Today's offering from the New Zealand Institute, self-described as its "first discussion paper focused on social wellbeing," is a missed opportunity to tackle the real drivers of youth underachievement, according to ACT New Zealand leader Dr Don Brash.
The report is entitled "More Ladders, Fewer Snakes: Two Proposals to Reduce Youth Disadvantage.' Its two proposals are beefed-up e-learning programmes in schools and better school-to-work "transitioning."
"The Institute laments at length the plight of our youngsters relative to that of youth in other OECD countries, including our high rate of youth unemployment, but astoundingly, overlooks one of the prime reasons for it," Dr Brash notes.

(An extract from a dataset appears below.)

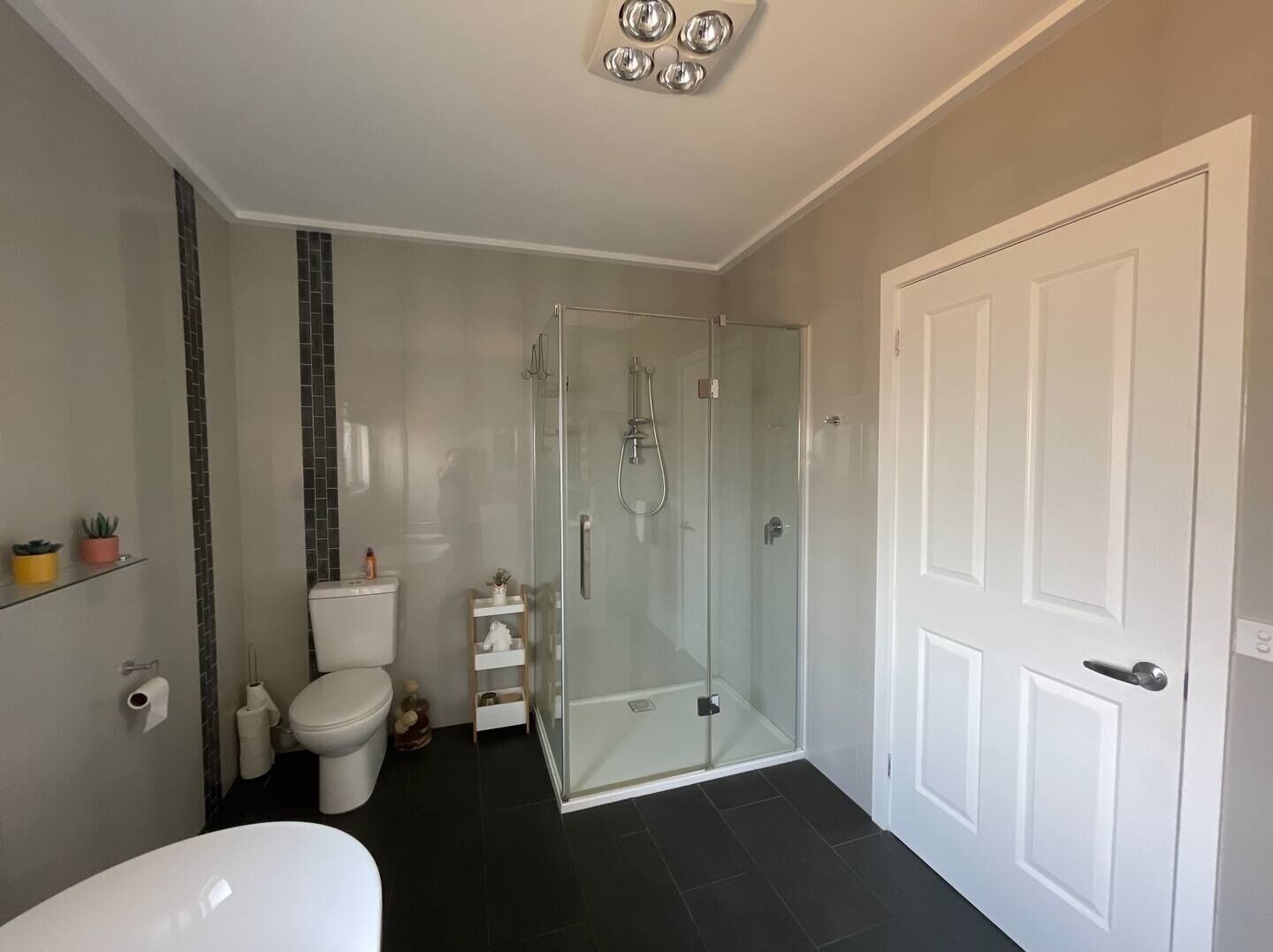 Ein modernes Badezimmer mit einer einteiligen Duschkabine, einer Toilette und einem weißen Waschbecken.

"ACT has repeatedly pointed to our relatively high minimum adult wage - and the absence of special, lower rates for youth - as prize culprits in making the taking on of youngsters unaffordable for employers. We have cited reputable research indicating that Labour's abolition of youth rates has cost young people some 12,000 jobs. And that doesn't take into account the jobs lost through the tax and regulatory burden faced by business, which ACT would substantially reduce.
"While the Institute should be applauded for exposing the unacceptably high number of youth being cast on the unemployment and underachievement scrapheaps they have extraordinarily ignored each of these factors. No amount of e-learning can create jobs if business can't afford them.
"As for more effective school-to-work 'transitioning,' it's noteworthy that the New Zealand Institute wants to see a new programme to effect this 'transitioning' overseen by a new government agency. New Zealand is burdened with too many ineffective bureaucracies as it is; one more is hardly going to solve our problems.
"The Institute costs the implementation of its proposals at around $200 million. The Government is already borrowing $300 million per week; another big spending policy is the last thing that taxpayers need. Policy makers would be far better to reinstate the youth wage – something that would yield significant results with negligible costs. That way there'd be jobs for youngsters to 'transition' to.
"All the well-meaning ladders in the world will be of no use if the lower rungs have been removed by bureaucratic, red-tape snakes," Dr Brash concludes.